While looking into the Museum of the Moving Image's exhibition of arcade video games, we noticed a lack of a broader look into the history of video games. While it showed many "classic" games, games that have achieved a level of popularity that has been sustained years beyond their technological age, specific connections between the years and their corresponding video games was not present. When we moved onto the archive of video game emulations created by the Internet Archive, we noticed a great majority of these games were of a violent nature. So, for our counter-archive, we decided to expand upon the history of violent video games so that we may be able to ascertain an answer to why so many of the video games produced are violent.

Through our research and creation of an archive, we saw how, despite technical limitations at the beginnings of video games, violence was still included and only increased in scale as technology allowed more complex games. For the earlier eras (1970-1990), the simplicity in graphics and coding lead to a restriction of story.
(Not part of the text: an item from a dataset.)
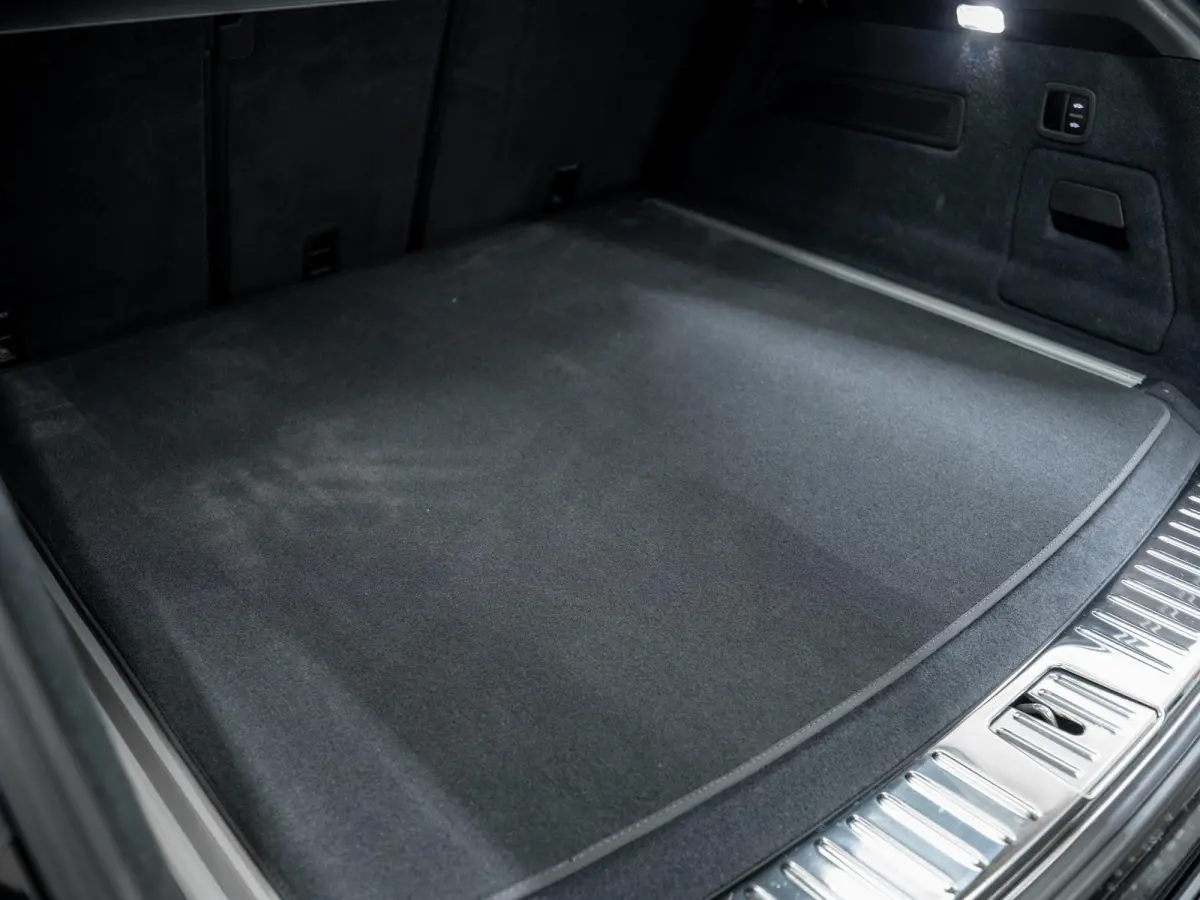 3.0 E-Hybrid Black Edition | SportDesign | Achterasbest. | 18-weg | PDCC | InnoDrive | HUD |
We feel producers saw that the simplest way toward creating a compelling story was through conflict. Not only does it provide a goal that can be depicted visually, it allows the producer to exclude the more complex characteristics of story-building and boil it down to A kills B. As graphics and visual representation improved, producers found that the simplicity of conflict could also be translated into a compelling game experience as conflict was made grander and more fantastic.
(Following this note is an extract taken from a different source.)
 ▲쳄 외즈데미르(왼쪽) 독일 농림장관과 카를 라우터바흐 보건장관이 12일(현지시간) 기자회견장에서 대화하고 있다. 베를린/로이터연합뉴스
To demonstrate this, we chose 5 of the top 10 best selling games that included violence in some form. This is true for 1980s to the 2000s, but the 1970s provided a challenge due to the prominence of arcade systems and the difficulty in recording sales. This was due to the fact that sales were limited to arcades rather than individuals and it is near impossible to determine how many quarters were used to play a certain game. Instead of choosing from the top 10 best selling games, we decided to choose the games that we felt were the best representation of the 1970s, based on popularity, controversy, and legacy.

Though we did not rank the games that we chose in terms of which is more violent, we still had to determine the definition of violence. Because violence is not a quantitative, but a qualitative idea, we determined four categories in which violence in games could be determined: freedom of action (what the game allows you to do), amount of gore, scale of violence, and the basis of the story (story on war or story of a monkey). While not all games fit within all four categories, they all fit within one or more, allowing us to measure violence to a certain extent.

Not only does this archive show a very diverse group of violent games in regard to genre, story, and platform (i.e XBOX, Playstation), we can claim that violence in video games is not to appease a growing nature of violence within gamers, but rather a functionally inherent concept within video games. Violence in video games is not purely for the sake of violence, but a tool used to enhance the story so that it may appease the growing appetite for more memorable and captivating fun.